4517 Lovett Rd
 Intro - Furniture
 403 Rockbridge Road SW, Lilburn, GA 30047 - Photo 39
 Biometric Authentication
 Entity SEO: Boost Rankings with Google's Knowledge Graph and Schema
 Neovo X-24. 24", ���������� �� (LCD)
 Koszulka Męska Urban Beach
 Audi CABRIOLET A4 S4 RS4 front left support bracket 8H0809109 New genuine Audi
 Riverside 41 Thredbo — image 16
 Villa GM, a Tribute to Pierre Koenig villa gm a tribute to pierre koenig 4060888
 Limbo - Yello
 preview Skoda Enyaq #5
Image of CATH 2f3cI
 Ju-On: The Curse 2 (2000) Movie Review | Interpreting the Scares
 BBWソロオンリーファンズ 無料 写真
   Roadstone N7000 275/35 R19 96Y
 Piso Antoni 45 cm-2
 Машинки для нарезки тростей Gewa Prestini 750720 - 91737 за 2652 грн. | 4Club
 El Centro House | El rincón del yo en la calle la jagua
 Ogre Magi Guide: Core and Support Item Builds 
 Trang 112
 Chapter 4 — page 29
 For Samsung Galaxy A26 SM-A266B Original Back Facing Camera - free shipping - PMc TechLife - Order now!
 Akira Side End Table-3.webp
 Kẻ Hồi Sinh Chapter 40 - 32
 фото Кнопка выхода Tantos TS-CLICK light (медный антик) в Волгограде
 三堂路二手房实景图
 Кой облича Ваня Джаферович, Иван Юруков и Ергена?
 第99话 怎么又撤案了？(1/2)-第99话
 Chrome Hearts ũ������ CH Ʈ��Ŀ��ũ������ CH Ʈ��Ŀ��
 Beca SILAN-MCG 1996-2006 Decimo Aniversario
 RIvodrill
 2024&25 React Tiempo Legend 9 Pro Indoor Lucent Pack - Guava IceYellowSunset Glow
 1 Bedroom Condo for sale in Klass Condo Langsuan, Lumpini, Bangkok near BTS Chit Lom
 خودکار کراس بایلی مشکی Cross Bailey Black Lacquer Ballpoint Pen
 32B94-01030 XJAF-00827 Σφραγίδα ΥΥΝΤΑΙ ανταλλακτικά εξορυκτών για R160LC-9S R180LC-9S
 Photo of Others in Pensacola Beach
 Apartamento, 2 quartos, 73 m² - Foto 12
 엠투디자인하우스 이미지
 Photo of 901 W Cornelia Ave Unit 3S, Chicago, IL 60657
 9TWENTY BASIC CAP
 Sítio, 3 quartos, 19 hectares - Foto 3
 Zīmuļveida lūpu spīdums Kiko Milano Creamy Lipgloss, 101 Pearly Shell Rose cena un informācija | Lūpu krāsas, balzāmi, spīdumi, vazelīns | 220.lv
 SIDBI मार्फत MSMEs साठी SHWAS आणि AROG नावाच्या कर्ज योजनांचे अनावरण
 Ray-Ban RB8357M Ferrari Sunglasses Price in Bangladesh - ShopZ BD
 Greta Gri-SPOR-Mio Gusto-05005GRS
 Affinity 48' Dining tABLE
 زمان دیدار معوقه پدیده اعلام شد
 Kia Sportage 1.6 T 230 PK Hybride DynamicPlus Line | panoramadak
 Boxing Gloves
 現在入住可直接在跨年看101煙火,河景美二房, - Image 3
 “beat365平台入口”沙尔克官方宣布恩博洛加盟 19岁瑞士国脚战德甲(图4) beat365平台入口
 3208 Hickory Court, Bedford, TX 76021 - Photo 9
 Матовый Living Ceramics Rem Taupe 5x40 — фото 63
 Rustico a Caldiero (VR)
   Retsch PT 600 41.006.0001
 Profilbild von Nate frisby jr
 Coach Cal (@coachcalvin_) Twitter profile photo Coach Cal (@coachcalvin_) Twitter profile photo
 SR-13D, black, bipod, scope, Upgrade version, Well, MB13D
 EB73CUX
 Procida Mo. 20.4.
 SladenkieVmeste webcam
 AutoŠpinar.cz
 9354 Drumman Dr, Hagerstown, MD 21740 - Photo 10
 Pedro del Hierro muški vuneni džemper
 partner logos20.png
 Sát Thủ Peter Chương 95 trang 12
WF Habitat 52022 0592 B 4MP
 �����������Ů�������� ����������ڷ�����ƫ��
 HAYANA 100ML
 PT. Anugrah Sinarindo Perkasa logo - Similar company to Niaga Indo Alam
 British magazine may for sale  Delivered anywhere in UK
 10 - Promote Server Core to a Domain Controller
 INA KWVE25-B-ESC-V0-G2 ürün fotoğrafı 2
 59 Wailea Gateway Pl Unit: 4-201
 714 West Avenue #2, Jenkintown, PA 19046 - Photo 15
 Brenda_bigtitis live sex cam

> **YOUR TASK**
Set down the lines of the listing word for word, from its first line through the line containing "Riverside 41 Thredbo — image 16". Both of those lines belong in the answer, and no others do.

> **THE ANSWER**
4517 Lovett Rd
 Intro - Furniture
 403 Rockbridge Road SW, Lilburn, GA 30047 - Photo 39
 Biometric Authentication
 Entity SEO: Boost Rankings with Google's Knowledge Graph and Schema
 Neovo X-24. 24", ���������� �� (LCD)
 Koszulka Męska Urban Beach
 Audi CABRIOLET A4 S4 RS4 front left support bracket 8H0809109 New genuine Audi
 Riverside 41 Thredbo — image 16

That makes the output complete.